Par ordonnance rendue en référé le 26 mai 1992, le Président du Tribunal de commerce de Bordeaux s'est déclaré incompétent pour connaître de l'action par laquelle la société Cabinet Bedin demandait qu'il soit ordonné à Madame Christine Diaz de cesser l'activité qu'elle poursuivait sur la commune de Saint Médard en Jalles en violation d'une clause de non concurrence contenue dans son contrat d'agent commercial, pour le motif essentiel que ce contrat est de nature civile. Le magistrat a par ailleurs débouté la société Cabinet Bedin de sa demande dirigée contre la société Agence Echo tendant à ordonner à celle-ci de cesser toute collaboration avec Madame Diaz sur le secteur de Saint Médard en Jalles, en l'absence de preuve suffisante que celle-ci exerce son activité professionnelle dans ce secteur.
Le 2 juillet 1992, la société Cabinet Bedin a relevé appel de cette décision.
Par conclusions des 29 octobre 1993, elle reprend ses demandes initiales.

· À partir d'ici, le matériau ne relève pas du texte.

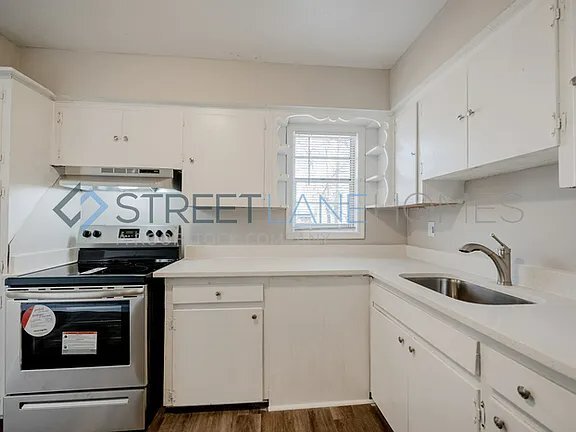 Building Photo - 2321 Danbury Dr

Elle expose qu'elle a recruté le 1er août 1991 Madame Diaz en qualité d'agent commercial que celle-ci a démissionné par lettre du 24 septembre 1991 et qu'elle a été recrutée par une société concurrente ayant son siège à environ 300 mètres du sien, au mépris de la clause contractuelle de non concurrence interdisant pour 2 ans d'exercer dans un rayon de 10 kilomètres de son siège une activité liée à la négociation immobilière. Elle déclare justifier par constat que Madame Diaz faisait, le 27 novembre 1991, visiter des maisons se trouvant à Saint Médard en Jalles et relevant de son propre fichier.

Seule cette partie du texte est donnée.